-------- Exercise materials --------

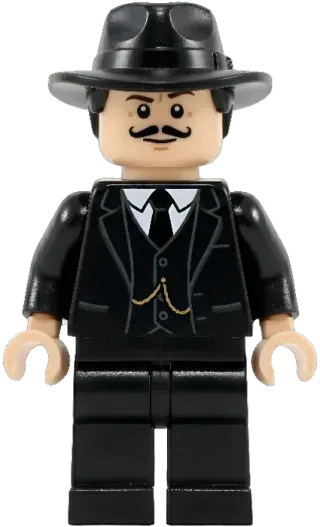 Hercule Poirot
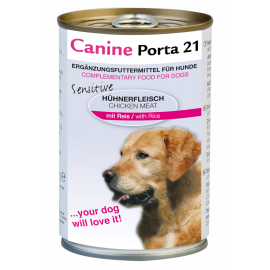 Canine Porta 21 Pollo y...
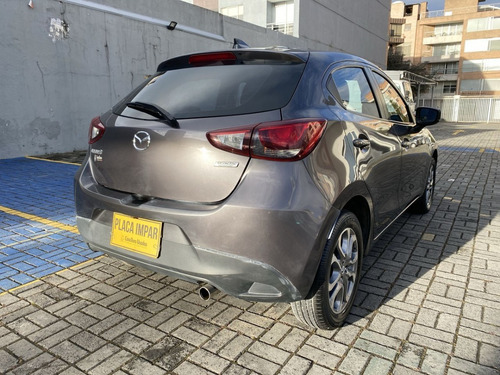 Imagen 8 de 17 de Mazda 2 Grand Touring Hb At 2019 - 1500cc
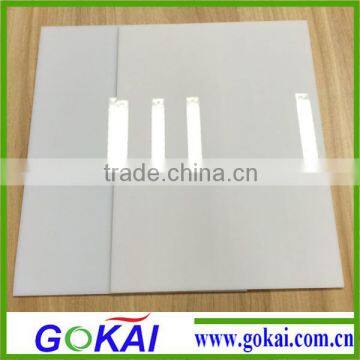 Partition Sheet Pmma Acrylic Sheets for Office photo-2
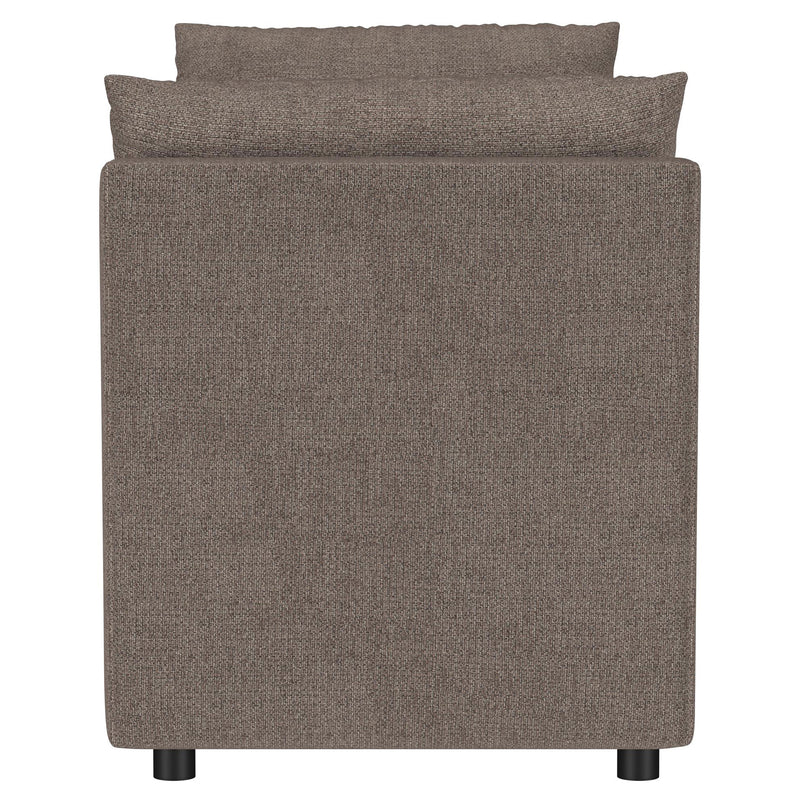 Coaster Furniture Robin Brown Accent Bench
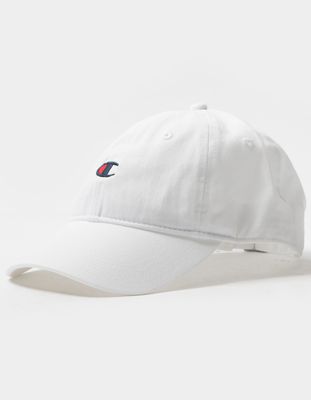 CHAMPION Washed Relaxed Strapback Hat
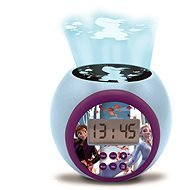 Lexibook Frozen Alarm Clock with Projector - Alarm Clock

--------

Output the line that contains "Partition Sheet Pmma" and every subsequent line through the end of the entries, exactly as given, without pictures.

Task response ->
 Partition Sheet Pmma Acrylic Sheets for Office photo-2
 Coaster Furniture Robin Brown Accent Bench
 CHAMPION Washed Relaxed Strapback Hat
 Lexibook Frozen Alarm Clock with Projector - Alarm Clock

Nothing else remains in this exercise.